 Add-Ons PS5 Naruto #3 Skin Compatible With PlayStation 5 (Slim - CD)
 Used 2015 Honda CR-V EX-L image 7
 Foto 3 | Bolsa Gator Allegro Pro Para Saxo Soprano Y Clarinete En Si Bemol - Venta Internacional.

* * *

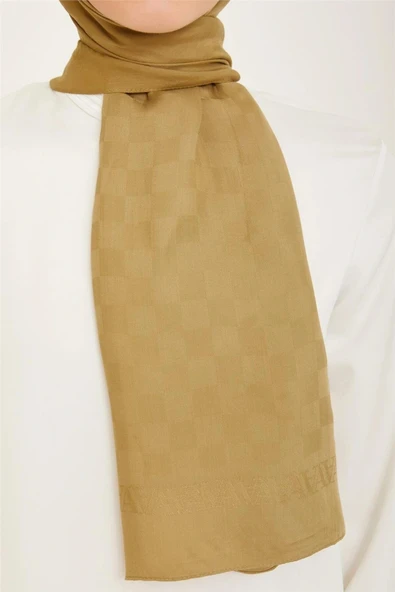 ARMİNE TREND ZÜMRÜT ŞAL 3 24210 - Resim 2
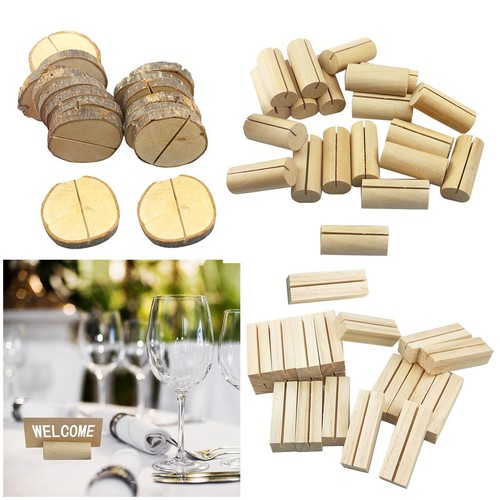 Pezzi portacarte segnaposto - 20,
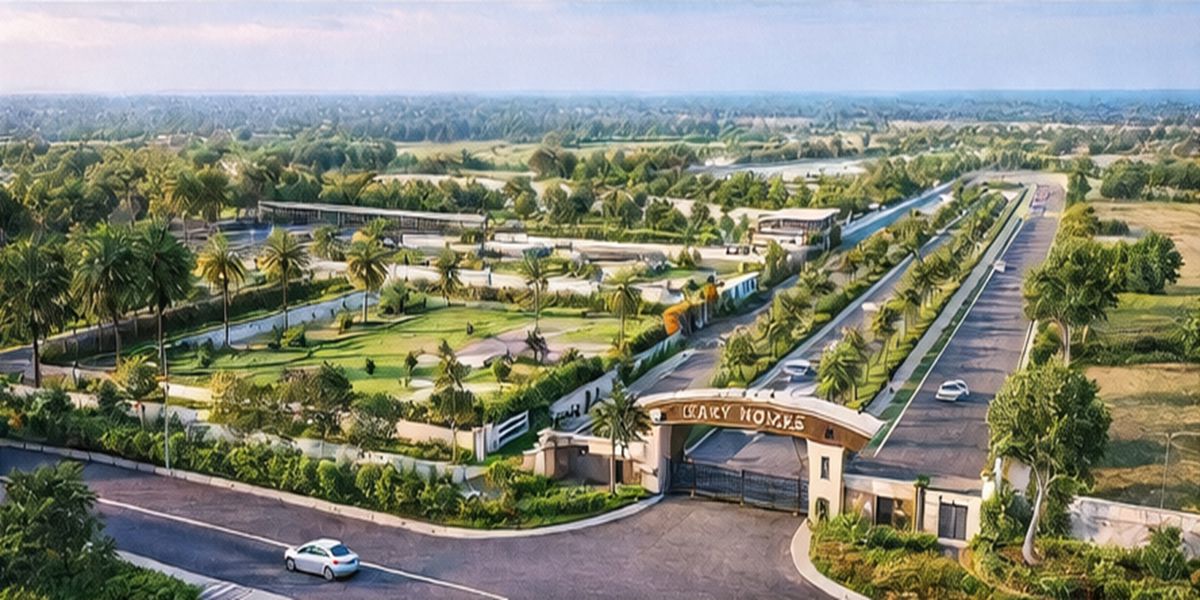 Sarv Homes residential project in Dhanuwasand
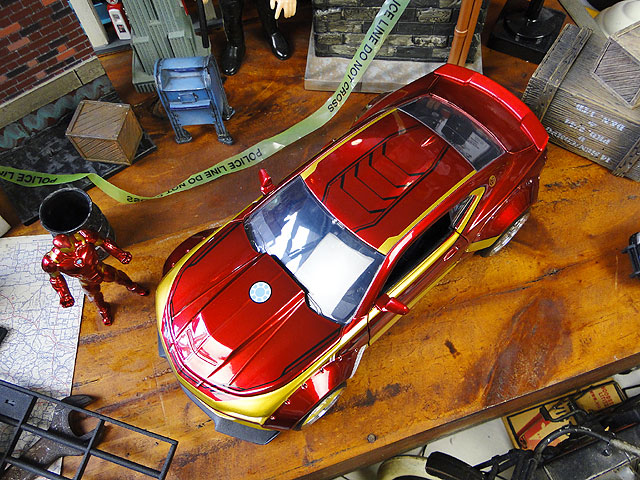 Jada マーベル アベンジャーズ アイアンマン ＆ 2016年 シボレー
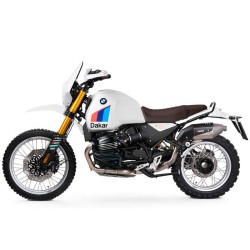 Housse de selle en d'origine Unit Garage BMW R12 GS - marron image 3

==

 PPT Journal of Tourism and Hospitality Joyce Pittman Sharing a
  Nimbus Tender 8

EXERCISE GOAL
Range to print from the listing above: from the line with "Jada マーベル アベンジャーズ アイアンマン ＆ 2016年 シボレー" up to and including the line with "Housse de selle". Please print those lines exactly, with no pictures and nothing more.

TASK ANSWER
 Jada マーベル アベンジャーズ アイアンマン ＆ 2016年 シボレー
 Housse de selle en d'origine Unit Garage BMW R12 GS - marron image 3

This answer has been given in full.